Dollar Bank’s position is that its mortgage liens were never divested because Dollar Bank was not paid at closing. Dollar Bank also asserts that it was Maronda’s responsibility to make sure that Dollar Bank was paid from the proceeds of sale. In Dollar Bank’s objection to Maronda’s motion requesting a hearing with respect to Motion No. 01-7373, Dkt. # 104, Dollar Bank argues, inter alia, that Maronda is asking this court to amend its November 16, 2001, order.5 Maronda’s motion does not request that relief. Furthermore, no amendment to the order is required. The order clearly divested the liens from the property and imposed them on the proceeds of sale without condition. Proceeds were disbursed at the closing on November 30, 2001. Dollar Bank did not receive its share of the proceeds at closing because Dollar Bank did not appear at the closing and did not act to stay the closing or seek other relief from the court. The fact that Dollar Bank did not receive funds at closing does not establish that its liens were not divested on November 16. Dollar Bank argued at the May 16th hearing that Maronda is liable for the misconduct of Debtor’s former counsel because former counsel was, in effect, Maronda’s agent, making Maronda the principal. In this regard Dollar Bank cites In re Arrow Mill Development Corp., 185 B.R. 190 (Bankr. D.N.J.1995). That case involved rent payments that were placed in escrow pending resolution of a dispute between a shopping center tenant and a chapter 11 debtor. The court held that rent payments did not become estate property because the condition that would have vested title in the debtor as the escrow grantee never occurred. (That condition was an arbitration award allowing for retroactive adjustment.) Id. at 194. Thus, the escrow funds in Arrow Mill never became estate property. In Arrow Mill the grantor of funds, although not in possession of the funds, held the legal title. In the case before us, the funds in the hands of Debtor’s former counsel were subject to creditors’ liens— those same liens that, before issuance of the order confirming the sale, had attached to Debtor’s real estate. Once this court entered the order confirming the sale, the liens were divested from the real estate and attached solely to the funds. The fact that the funds disappeared through the escrow agent’s misconduct does not undo the effect of the sale confirmation order. Furthermore, there was no condition precedent to the liens attaching to the proceeds.

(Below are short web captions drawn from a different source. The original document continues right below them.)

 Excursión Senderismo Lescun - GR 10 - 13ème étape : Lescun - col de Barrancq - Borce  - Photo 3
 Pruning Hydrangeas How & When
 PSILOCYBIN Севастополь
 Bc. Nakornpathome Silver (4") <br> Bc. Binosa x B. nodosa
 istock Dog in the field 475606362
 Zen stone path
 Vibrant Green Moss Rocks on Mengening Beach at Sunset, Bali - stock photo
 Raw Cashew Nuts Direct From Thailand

Dollar Bank also cites Zaremba v. Konopka, 94 N.J.Super. 300, 228 A.2d 91 (1967), where a contract for sale of real *103estate provided for a down payment and was contingent on the purchasers getting a mortgage. When the real estate agent embezzled the down payment, the purchasers waived the contingency in part. The court held that the loss was to be borne by the purchasers who had at least equitable title to the escrowed down payment. The court stated as the “general rule” that, between buyer and seller, the loss falls on the one who owns the property at the time of the loss. Pennsylvania law provides that Debtor as mortgagor is deemed to have transferred the property subject to the mortgage to the mortgagee in fee simple upon the condition that, if the mortgagor repays the debt on time, the mortgagee will reconvey the property. See Commerce Bank v. Mountain View Village, Inc., 5 F.3d 34 (3d Cir.1993). Accordingly, even before the bankruptcy and the sale Dollar Bank held the defeasible fee interest in Debtor’s real estate. When the order confirming the sale was entered Dollar Bank’s interest in the real estate was transferred to the proceeds of the sale and divested from the real estate. At the time of the closing the funds subject to Dollar Bank’s lien were available to Dollar Bank which, from and after the entry of the sale confirmation order, “owned” the funds. Thus, even under the cases Dollar Bank cites, Dollar Bank bears the risk of loss, not Maronda.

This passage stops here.